In this article we are going to answer the question ‘’Why is the brainstem sometimes called the reptilian brain?’’ we will talk about what the reptilian brain is: parts and functions. In addition, we are going to let you know in detail what this type of brain consists of.

Why is the brainstem sometimes called the reptilian brain?

The phrase “reptilian brain” derives from the fact that a reptile’s brain is dominated by the brainstem and cerebellum, which control instinctual thinking and behavior for survival.

As we know, the brain has been in constant evolution over more than 250 million years and throughout this process, it has been acquiring new functions and increasingly complex abilities. The oldest brain, to which the limbic and neocortex have been added later, is the reptilian brain.

This brain was identified and developed through MacLean’s triune brain theory. The reptilian brain, also known as the R complex or reptilian complex, is the one we share with other mammals and reptiles.

It is mainly responsible for starting our most basic and primitive functions such as protecting us from possible threats, defending ourselves and fleeing to ensure our own survival. It is also in charge of carrying out some unconscious and involuntary behaviors such as our breathing, blood pressure, temperature, balance, among others.

The reptilian brain or reptilian complex occupies approximately 5% of our total brain mass.

Characteristics of the reptilian brain

This type of brain is not reflective and, on the contrary, acts unconsciously and instinctively.

As its main function is to take care of our own survival, it is considered that it is also in charge of making it difficult for us to achieve our personal goals since it feels safe only being in a known terrain, however when it enters unknown terrain, it feels extremely threatened and prefers to flee and escape before facing something new.

Parts of the reptilian brain

The reptilian brain is made up of the reticular system, the cerebellum, the basal ganglia, and the brain stem.
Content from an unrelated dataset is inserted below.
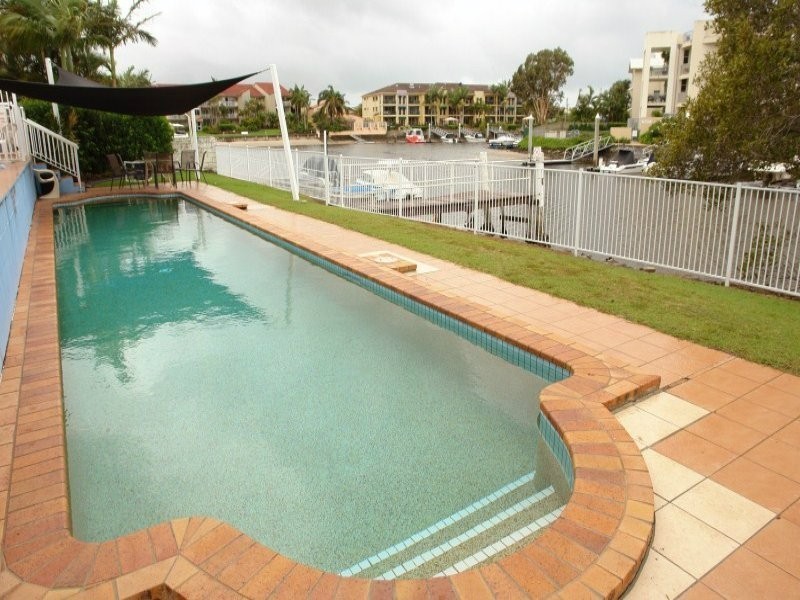 3/75 Bayview Street, Runaway Bay QLD 4216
Below we will briefly explain what each of these parts of the brain consists of:

Basal ganglia

These are neural structures that are connected to each other and are located deep within the cerebral cortex. The main function of the basal ganglia is to process information about our own body movement to adjust it to different situations and also carry out an appropriate act.

For example, when we want to drive a car, we have to carry out certain actions and body movements to do it correctly. So it also helps us to plan our actions to achieve some goal.

Reticular system

It is a set of neurons that are located in the brain, near the spinal cord. The main function of this system is to regulate the state of sleep and wakefulness.

It is also in charge of filtering the information that comes through the senses, choosing those data that are of interest to them and putting aside those that are irrelevant, which finally do not reach consciousness.

Cerebellum

It is one of the oldest parts of our brain and it is located in the posterior fossa of the skull, as it is an extremely compact organ. The main function of the cerebellum is to maintain proper balance and muscle coordination.

Brain stem

It is located between what is left of the brain and the spinal cord. The brain stem, or also called the brain stem, is made up of 4 different areas that are connected to the diencephalon. The main task of the brain stem is to serve as a circulation pathway for almost all sensory pathways, with the exception of the olfactory and visual.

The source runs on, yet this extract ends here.